NC Case Illustrates Abuses of Inmates

Probably the most vulnerable among us are those who are incarcerated.  I’m all for law and order, as well as punishment, but very few of those incarcerated actually killed somebody or are otherwise going to spend the rest of their lives there.  Many of them haven’t even been convicted of anything yet, they just don’t have the ability to bond out prior to their trial.  Many times these people are physically abused by correctional officers who have the ability to run roughshod over the population.  And people don’t care because they view them as criminals.  

For instance, there was a North Carolina case that just popped up in the news, which captured the beating of an inmate on video – leading to a civil lawsuit.  But if it were not videotaped, nobody would believe it.

In West Virginia, we have some of the worst jails in the country.  I’m not talking about the prisons, but the jails – places where people go who are awaiting trial, or who were sentenced to a short sentence of incarceration.  It seems like every other day there is a correctional officer being fired for sexually assaulting inmates, or dealing drugs with inmates.  And these are just the one’s who get caught.  I’ve heard countless stories from different clients of the abuse perpetrated by guards.  And most of them are almost identical, despite the fact that these people had never met each other.

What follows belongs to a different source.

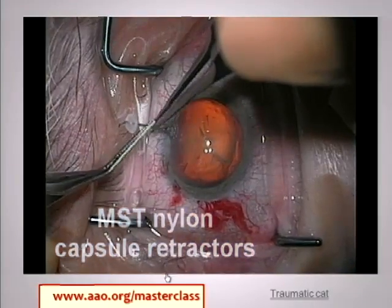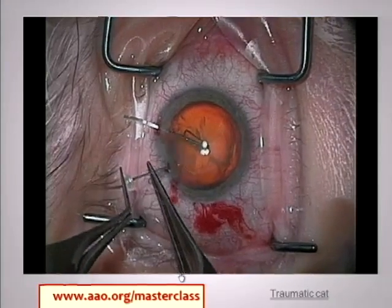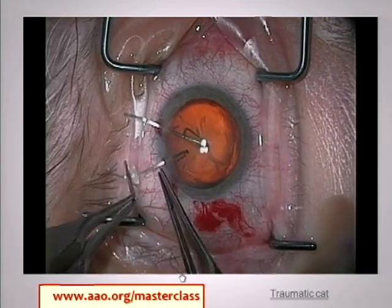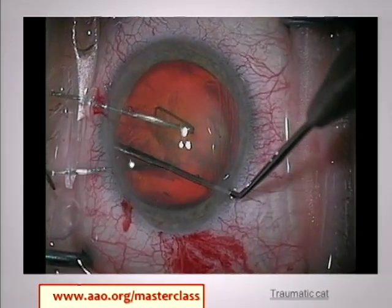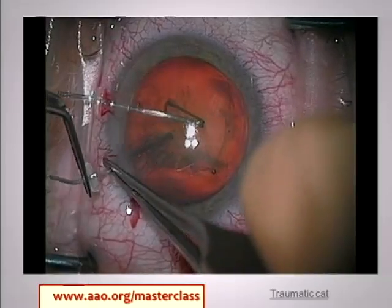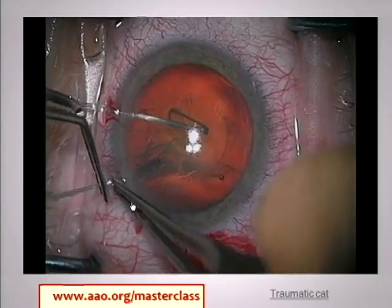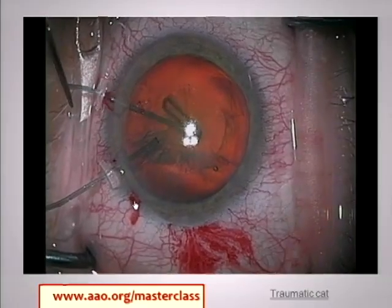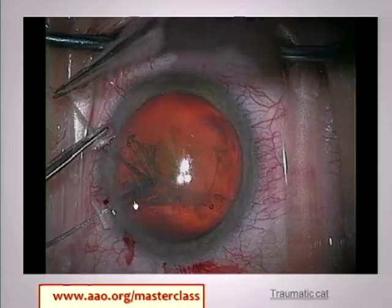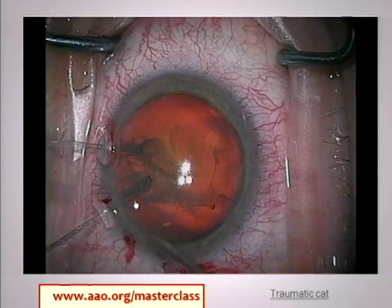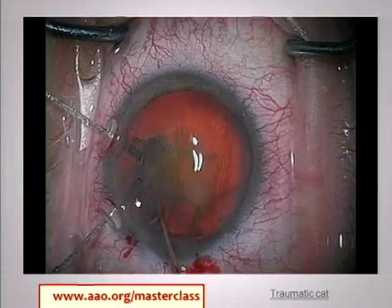These are the MST nylon capsule retractors. They come three to a set because usually you don't need more than three, and often you'll need one or two. They go in through clear corneal stab incisions, and they're double-barreled 5-0 nylons so that you end up with this loop on the end, which I think is more capsule- or bag-friendly and less likely to perforate through.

Don’t be surprised if the Department of Justice announces an investigation….

 – John H. Bryan, West Virginia Attorney.

2 thoughts on “NC Case Illustrates Abuses of Inmates

  1. Just want to say thanks for the straight-up in regards to the jails, the courts, the legal system in general. I am so glad that someone from your side of the fence has the courage to speak up.

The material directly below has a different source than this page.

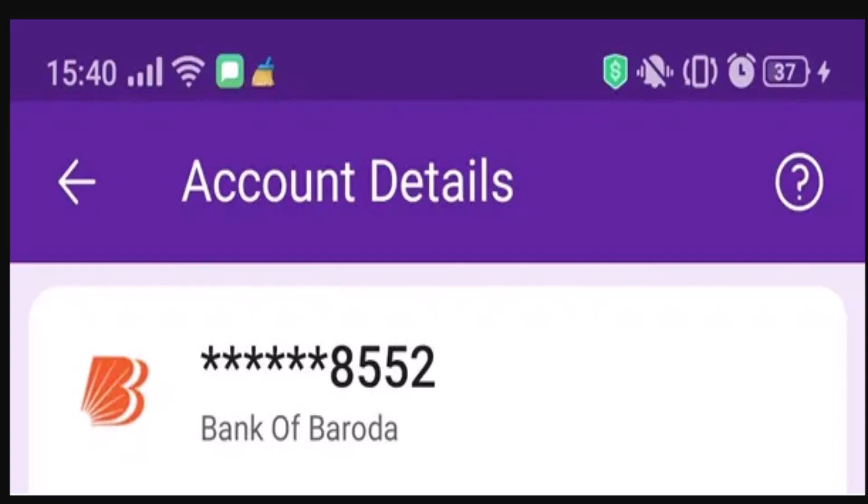Hey everyone, welcome back to our channel Tech Quest. I'm back with a new video. In this video, I'm going to be showing you how you can remove or unlink your bank account on PhonePe. I'm going to be showing you a step-by-step procedure on how you can do it. Make sure to watch this video till the end and follow the instructions as guided.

  2. I spent a night in jail recently after being arrested for disorderly conduct (which became persistent after the officer physically injured me; my research of this behavior led me to this blog.)

    I’m a 44-year-old woman who has never been in trouble in my life. I didn’t know how to use the phone or get my lunch. I didn’t know that I could have posted my own bond with the credit cards locked up with my other possessions.

    The women with me were very kind to me, which makes me that much more appalled at the conditions they have to endure. They helped me with everything.

    They were just a group of women who had different misfortunes and made mistakes addressing them. None of them were a threat to other people, but they were treated as sub-human. It’s sickening. Thank you for writing about this and drawing attention to it.